Discussion and Proposed HORA Curriculum
This review of the history of regional anesthesia puts forward the following topics
as recommendations to be included in the core curriculum for the teaching of HORA: the
emergence of ASRA; local anesthetic agents; spinal and epidural anesthesia; brachial
plexus block; ultrasonography and the recognition that regional anesthesia reduces
morbidity and shorter recovery room stays when compared with general anesthesia in
ambulatory surgery.
The origin of American Society of Regional Anesthesia and Pain Medicine (ASRA)
The original ASRA was founded in 1923. It was created to
honor Gaston Labat, who has been called the "father" of regional
anesthesia and pain medicine in the United States. Labat was a
French surgeon and came to America with Mayo Clinic founder
Charles Mayo. Labat worked in several hospitals in the U.S.

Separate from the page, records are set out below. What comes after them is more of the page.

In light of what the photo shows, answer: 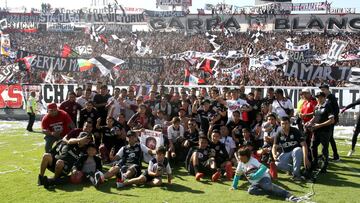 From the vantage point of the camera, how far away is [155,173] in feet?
31.7

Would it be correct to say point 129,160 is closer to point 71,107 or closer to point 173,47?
point 71,107

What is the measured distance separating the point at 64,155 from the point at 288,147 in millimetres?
5208

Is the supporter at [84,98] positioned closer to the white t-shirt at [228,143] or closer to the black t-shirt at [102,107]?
the black t-shirt at [102,107]

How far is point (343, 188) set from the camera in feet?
30.7

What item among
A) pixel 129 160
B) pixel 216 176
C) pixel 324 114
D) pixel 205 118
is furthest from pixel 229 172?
pixel 205 118

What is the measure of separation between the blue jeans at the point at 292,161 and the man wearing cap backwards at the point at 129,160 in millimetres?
3063

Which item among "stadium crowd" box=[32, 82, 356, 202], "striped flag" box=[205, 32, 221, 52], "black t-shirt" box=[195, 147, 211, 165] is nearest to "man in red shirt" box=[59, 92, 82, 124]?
"stadium crowd" box=[32, 82, 356, 202]

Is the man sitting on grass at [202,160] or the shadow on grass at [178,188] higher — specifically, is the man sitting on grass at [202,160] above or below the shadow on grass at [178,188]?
above

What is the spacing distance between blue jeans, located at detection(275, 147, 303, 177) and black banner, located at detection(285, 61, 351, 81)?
463 inches

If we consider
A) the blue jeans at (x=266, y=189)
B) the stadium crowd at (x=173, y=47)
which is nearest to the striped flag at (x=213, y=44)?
the stadium crowd at (x=173, y=47)

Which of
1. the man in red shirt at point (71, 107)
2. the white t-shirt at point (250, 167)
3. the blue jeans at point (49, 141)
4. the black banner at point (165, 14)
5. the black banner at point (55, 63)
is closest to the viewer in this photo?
the white t-shirt at point (250, 167)

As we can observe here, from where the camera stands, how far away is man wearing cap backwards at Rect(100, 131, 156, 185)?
9.83 metres

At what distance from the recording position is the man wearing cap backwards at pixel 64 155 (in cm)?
968

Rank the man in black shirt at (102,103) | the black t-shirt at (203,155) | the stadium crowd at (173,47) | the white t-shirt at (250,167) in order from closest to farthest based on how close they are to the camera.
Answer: the white t-shirt at (250,167) < the black t-shirt at (203,155) < the man in black shirt at (102,103) < the stadium crowd at (173,47) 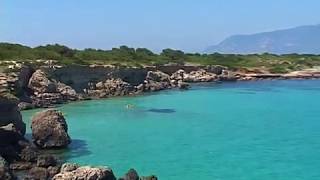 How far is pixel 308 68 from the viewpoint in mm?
108062

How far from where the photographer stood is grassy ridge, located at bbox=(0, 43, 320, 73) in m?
72.7

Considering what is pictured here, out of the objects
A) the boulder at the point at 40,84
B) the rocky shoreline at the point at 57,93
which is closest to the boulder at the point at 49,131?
the rocky shoreline at the point at 57,93

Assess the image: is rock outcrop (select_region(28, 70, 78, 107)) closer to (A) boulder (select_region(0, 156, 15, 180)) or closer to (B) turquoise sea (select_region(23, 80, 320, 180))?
(B) turquoise sea (select_region(23, 80, 320, 180))

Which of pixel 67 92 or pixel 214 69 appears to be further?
pixel 214 69

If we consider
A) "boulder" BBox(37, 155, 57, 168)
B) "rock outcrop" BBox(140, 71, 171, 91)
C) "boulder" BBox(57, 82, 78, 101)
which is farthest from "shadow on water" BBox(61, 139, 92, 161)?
"rock outcrop" BBox(140, 71, 171, 91)

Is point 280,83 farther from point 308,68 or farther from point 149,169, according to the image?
point 149,169

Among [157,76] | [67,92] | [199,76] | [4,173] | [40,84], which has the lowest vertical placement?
[4,173]

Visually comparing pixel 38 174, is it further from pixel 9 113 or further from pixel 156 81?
pixel 156 81

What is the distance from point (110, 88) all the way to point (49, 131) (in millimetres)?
35855

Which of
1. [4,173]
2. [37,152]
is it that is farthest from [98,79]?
[4,173]

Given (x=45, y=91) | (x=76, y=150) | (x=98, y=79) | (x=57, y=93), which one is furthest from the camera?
(x=98, y=79)

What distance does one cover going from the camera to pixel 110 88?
68.6m

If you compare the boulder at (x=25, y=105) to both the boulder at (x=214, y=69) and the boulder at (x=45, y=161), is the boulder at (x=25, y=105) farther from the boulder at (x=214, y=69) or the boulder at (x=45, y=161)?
the boulder at (x=214, y=69)

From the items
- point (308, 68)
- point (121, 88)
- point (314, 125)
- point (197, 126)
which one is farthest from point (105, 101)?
point (308, 68) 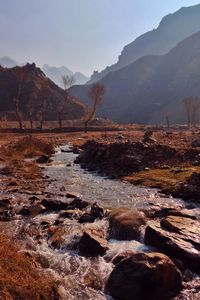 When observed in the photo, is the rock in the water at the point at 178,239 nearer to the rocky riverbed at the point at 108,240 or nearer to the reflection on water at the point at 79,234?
the rocky riverbed at the point at 108,240

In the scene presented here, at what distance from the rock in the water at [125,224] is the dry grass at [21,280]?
18.6 ft

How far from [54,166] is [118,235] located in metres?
26.6

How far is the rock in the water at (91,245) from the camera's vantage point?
17719mm

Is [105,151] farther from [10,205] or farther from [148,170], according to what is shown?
[10,205]

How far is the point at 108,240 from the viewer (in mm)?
19422

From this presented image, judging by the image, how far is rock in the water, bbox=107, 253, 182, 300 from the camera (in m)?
13.8

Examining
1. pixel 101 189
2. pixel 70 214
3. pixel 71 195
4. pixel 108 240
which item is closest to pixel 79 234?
pixel 108 240

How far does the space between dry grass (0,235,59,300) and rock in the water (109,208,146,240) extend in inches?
224

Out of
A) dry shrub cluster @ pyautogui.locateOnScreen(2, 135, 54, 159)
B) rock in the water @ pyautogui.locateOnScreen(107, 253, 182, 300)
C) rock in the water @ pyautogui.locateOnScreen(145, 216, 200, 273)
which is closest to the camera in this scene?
rock in the water @ pyautogui.locateOnScreen(107, 253, 182, 300)

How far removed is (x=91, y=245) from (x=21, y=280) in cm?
539

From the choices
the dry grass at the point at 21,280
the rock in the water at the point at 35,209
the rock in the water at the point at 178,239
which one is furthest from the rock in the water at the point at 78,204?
the dry grass at the point at 21,280

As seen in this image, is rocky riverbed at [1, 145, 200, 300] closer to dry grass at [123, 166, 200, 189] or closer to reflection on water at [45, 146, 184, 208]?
reflection on water at [45, 146, 184, 208]

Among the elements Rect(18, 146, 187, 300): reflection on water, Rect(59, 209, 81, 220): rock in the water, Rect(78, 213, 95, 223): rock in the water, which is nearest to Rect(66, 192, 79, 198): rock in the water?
Rect(18, 146, 187, 300): reflection on water

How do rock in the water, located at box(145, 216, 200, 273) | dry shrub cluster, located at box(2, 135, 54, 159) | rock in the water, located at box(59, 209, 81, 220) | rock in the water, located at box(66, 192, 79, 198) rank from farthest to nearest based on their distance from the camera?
dry shrub cluster, located at box(2, 135, 54, 159)
rock in the water, located at box(66, 192, 79, 198)
rock in the water, located at box(59, 209, 81, 220)
rock in the water, located at box(145, 216, 200, 273) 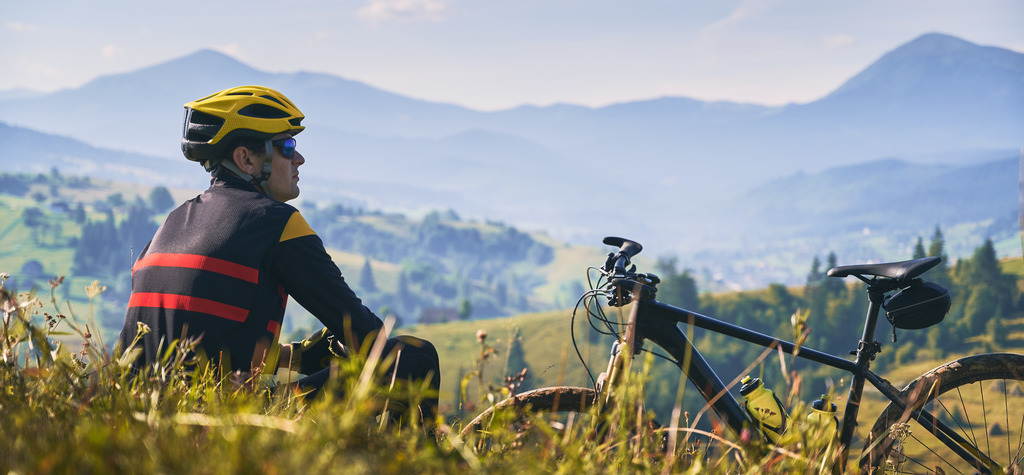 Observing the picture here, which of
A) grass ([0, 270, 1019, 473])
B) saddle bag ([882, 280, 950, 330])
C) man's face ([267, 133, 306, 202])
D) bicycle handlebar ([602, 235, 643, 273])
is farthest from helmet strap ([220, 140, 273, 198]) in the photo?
saddle bag ([882, 280, 950, 330])

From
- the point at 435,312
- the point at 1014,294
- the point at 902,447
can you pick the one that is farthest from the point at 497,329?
the point at 902,447

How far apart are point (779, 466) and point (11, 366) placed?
2.97 m

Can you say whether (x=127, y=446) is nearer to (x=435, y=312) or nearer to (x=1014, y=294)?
(x=1014, y=294)

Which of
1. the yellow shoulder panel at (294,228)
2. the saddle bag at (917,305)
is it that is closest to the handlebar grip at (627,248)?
the saddle bag at (917,305)

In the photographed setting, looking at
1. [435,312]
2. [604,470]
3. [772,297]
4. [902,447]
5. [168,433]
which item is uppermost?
[168,433]

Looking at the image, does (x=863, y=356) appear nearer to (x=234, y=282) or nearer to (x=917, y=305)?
(x=917, y=305)

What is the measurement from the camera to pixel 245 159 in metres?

and created a course in regional anesthesia through New York
University at Bellevue Hospital. The original ASRA grew out
of this work with a focus on the development of local,
regional, and spinal anesthesia.
In 1930, Philip Woodbridge presented at an ASRA meeting on
the use of therapeutic blocks for chronic pain, which signified a
shift in focus to also include pain management in the Society's
purview. The association was no longer focused solely on surgical
anesthesia, with pain management becoming increasingly
emphasized in papers and meetings [3].
Despite numerous advances in regional anesthesia and pain
medicine throughout the 1930s, ASRA as an organization began
to lose steam by the end of the decade. Meetings were held less
frequently, and fewer members were paying their dues. In 1940,
the group was dissolved, and members were invited to join the
American Society of Anesthesiology, which had been established
early in the 20th century.
In 1973 Alon Winnie had a vision of an organization that
would be devoted to teaching regional anesthesia. He shared his
vision with Harold Carron, Jordan Katz, Donald Bridenbaugh,
and P. Prithvi Raj, who reestablished the society in 1975 [4].
Interestingly, the reinvented ASRA originally focused on regional
anesthesia but later added pain medicine in the 1990s.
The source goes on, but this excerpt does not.